Though she operated the gallery until her death in 1982, many of the Abstract Expressionists whose careers she launched would eventually leave her for more commercial dealers, which she greatly resented. She moved on to another generation of artists that included Agnes Martin, Jasper Johns, and Richard Pousette-Dart. In her waterfront studio on the North Shore of Long Island, she worked on her art in her time off from the gallery. According to artist Jack Youngerman, “[she eventually] moved to the North Fork to get away from the socializing on the South Fork. Even in her 70s, she swam nude. She was a free soul.”

Hans Namuth Barnett Newman and Betty Parsons (1951) Source: artnet

Hans Namuth, Barnett Newman and Betty Parsons (1951).
Source: artnet.

Emily Harvey during Jean Dupuy's Exhibition, Where, at the Emily Harvey Gallery, New York, May 17, 1988 Photo:  Christian Xatrec (courtesy Emily Harvey Foundation)

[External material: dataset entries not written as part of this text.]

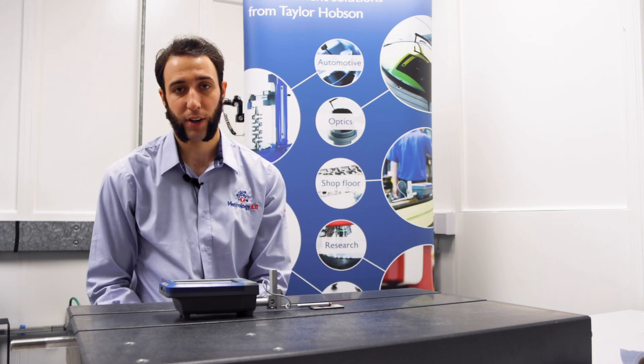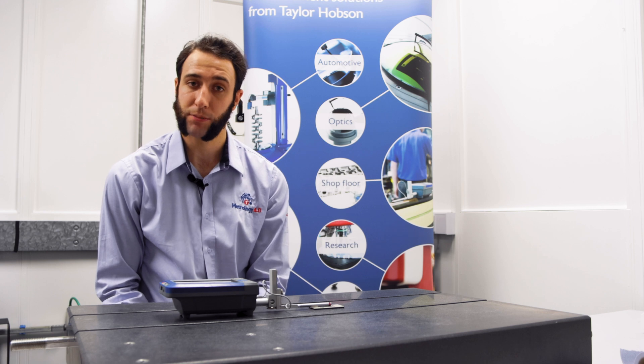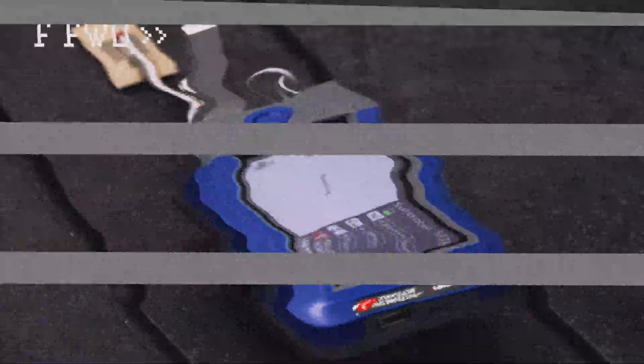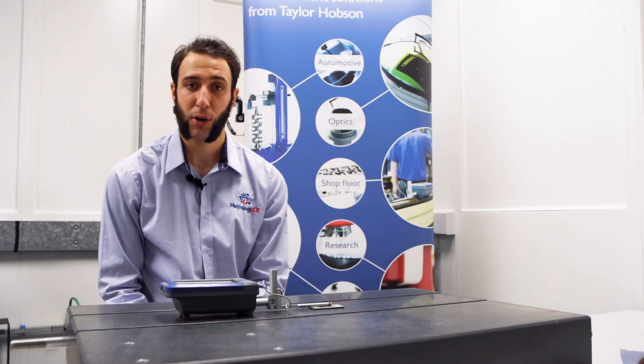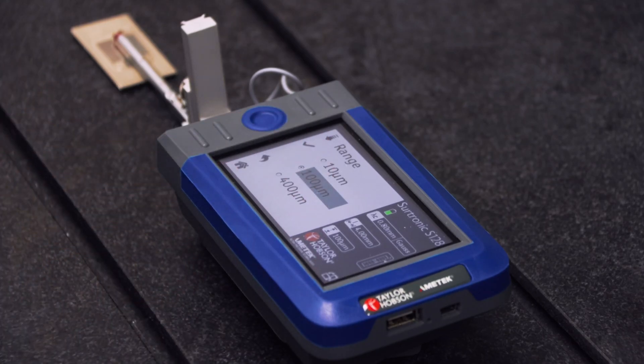Your calibration is now saved and you are ready to measure. Be aware that each time you change gauge range, you should recalibrate the instrument.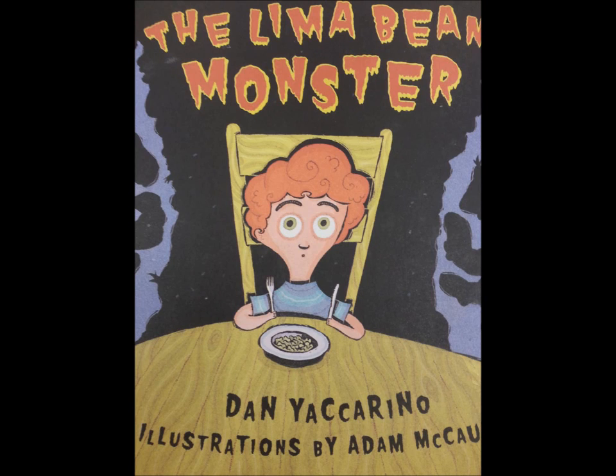The Lima Bean Monster by Dan Yaccarino, illustrations by Adam McCauley.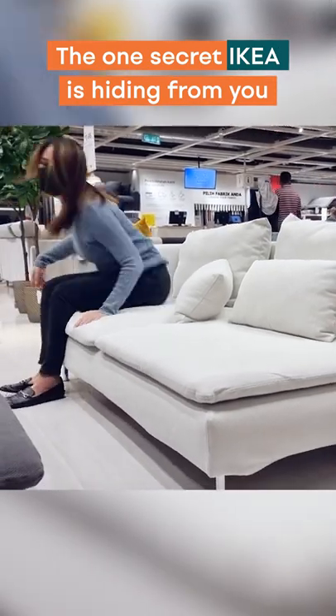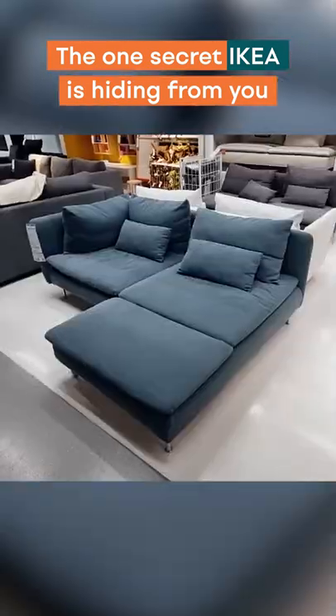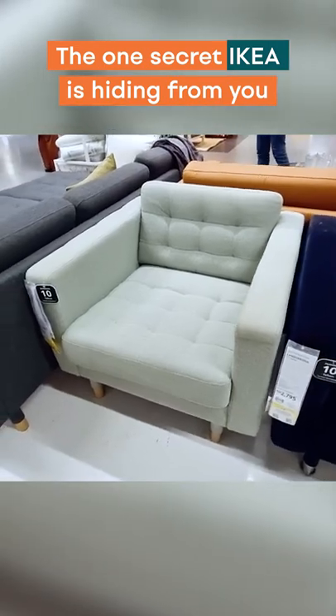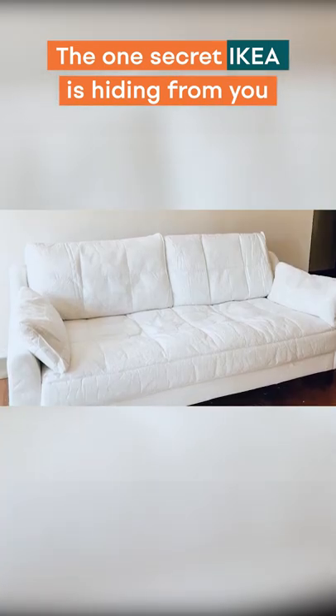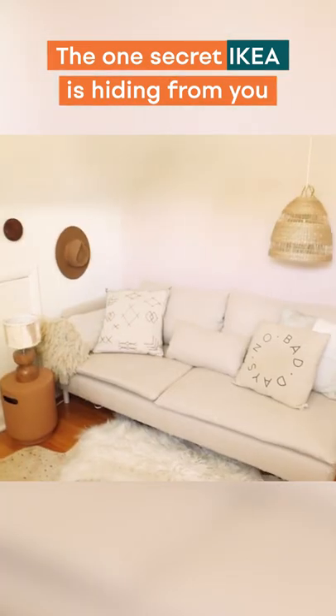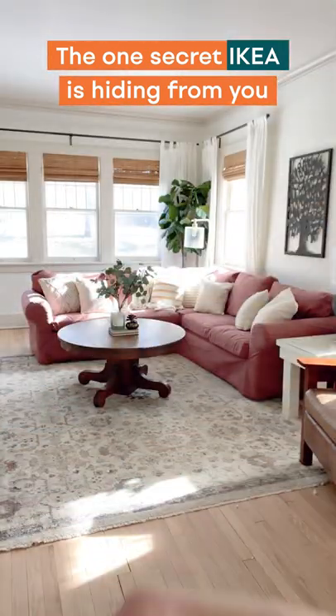If you're about to hit your nearest IKEA store, here's a pro tip: if you love a particular sofa model but not the fabrics and colors it comes in, you can actually buy the sofa naked or uncovered. To create the look that you want, consider having a custom slipcover made for your new sofa. To find out how, check out the links below.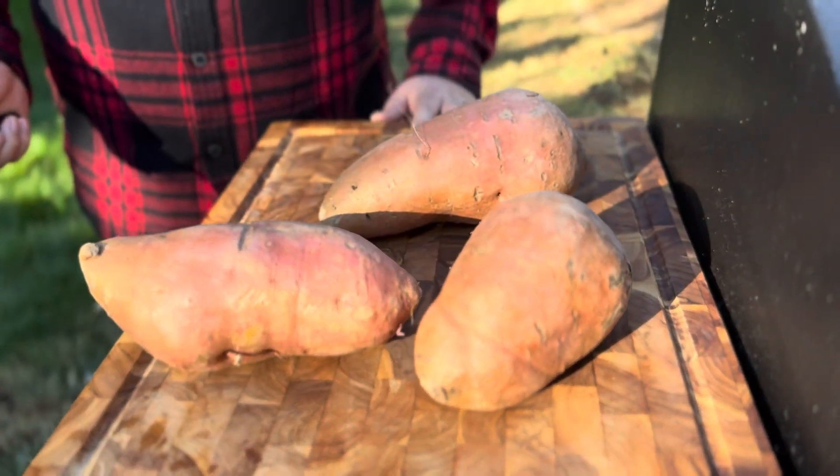Hey, welcome back! I'm going to show you how to make these basic sweet potatoes into the most delicious sweet potato casserole you've ever had. Let's get it.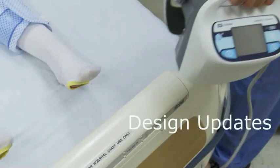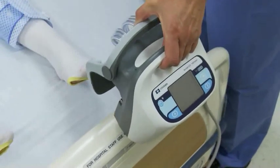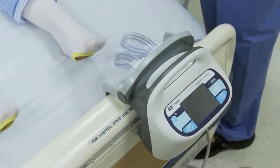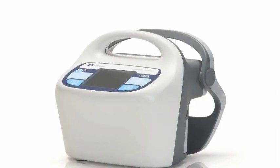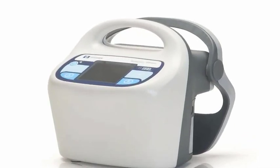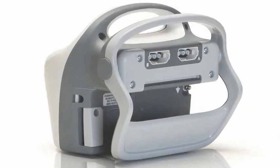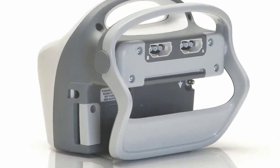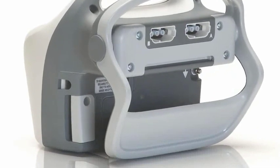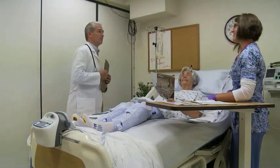Covidien has made multiple design updates to further enhance the user experience. Such improvements include an adjustable bed hook to accommodate a wide range of bed sizes, and improved durability by using a more robust material and molding design. The 700 series is able to withstand the rigorous hospital environment, and the new material will stand up to the majority of cleaning agents.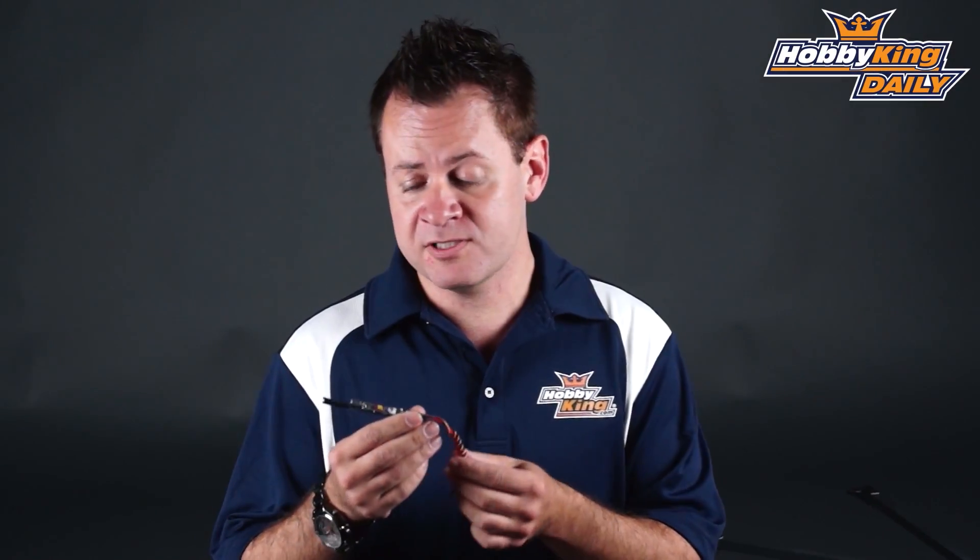One really cool feature about this design is that it dropped the BEC, so it doesn't have that on there. But because of that and the slim design, it actually weighs less than the 12 amp ESC at just 13.7 grams total all-up weight with connectors and heat shrink on it. So it's awesome for a wide range of applications — definitely check it out, it's on the new items page.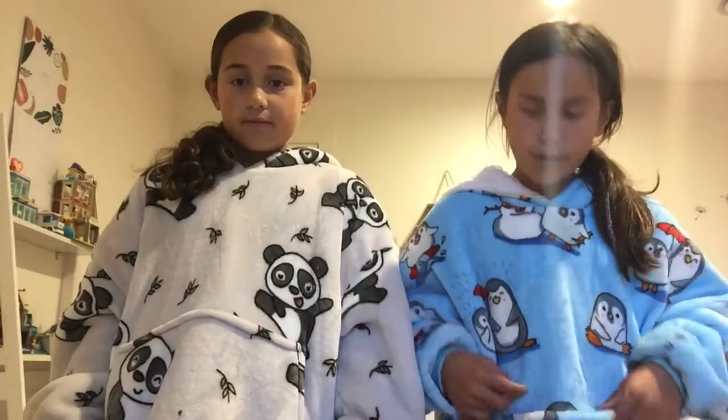We are going to be doing a video of our udis today to show you our udis. Mine is pandas and mine is penguins, and our mum got them for us about two months ago, or maybe some weeks ago.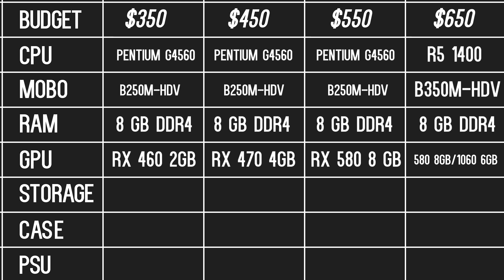None of these builds will have an SSD, though they are capable of utilizing one if you want to add it. The $350 gaming PC uses a 320GB 7200RPM SATA hard drive in order to stay under budget. All of the other PCs will use a 1TB drive.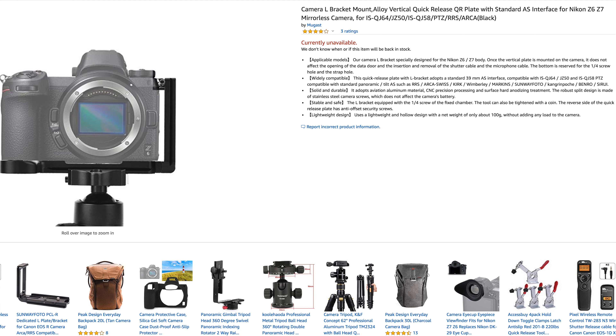I did get another L-bracket for the camera, but I'm using it to shoot this with so I can't show it to you. It was like $36 including tax on Amazon — cheaper than the Small Rig L-bracket that I had before.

Emily Harvey during Jean Dupuy’s Exhibition, Where, at the Emily Harvey Gallery, New York, May 17, 1988
Photo: Christian Xatrec (courtesy Emily Harvey Foundation)

EMILY HARVEY
The daughter of a painter and a sculptor, it seems natural that Emily Harvey would choose art as a career path. But, when she first moved to New York in 1964, she worked a variety of jobs. It wasn’t until 1977, while working at Poster Originals, that she met and married artist Christian Xatrec, and was introduced through him to the circle of Fluxus artists working in New York. This included Jean Dupuy, who would collaborate with her and Xatrec to open Grommet Gallery (later renamed the Emily Harvey Gallery). Carolee Schneeman once said of the SoHo space: “You can always hang around, have a coffee, use the typewriter or even sleep there… It’s an art household—like a church—and we are co-religionists there.”

Like many other gallerists on this list, Harvey treated her artists as friends rather than cash cows—she bought their work for her own collection, sold their work taking smaller than normal commissions, provided space for performances and dinners, and advised them on their lives and careers. She was known for her down-to-earth style, often wearing her hair in pig tails. However, as her friend Henry Martin once said, “the most dangerous place to be was between Emily and something she wanted.”

Harvey passed away in 2003 after a battle with cancer, but not before ensuring that her legacy lived on. She established the Emily Harvey Foundation, which produces exhibitions and provides artists and writers residencies in Venice, a city Harvey knew and loved.

Emily Harvey captured by photographer and friend Stanley Goldberg.

Emily Harvey captured by photographer and friend Stanley Goldberg.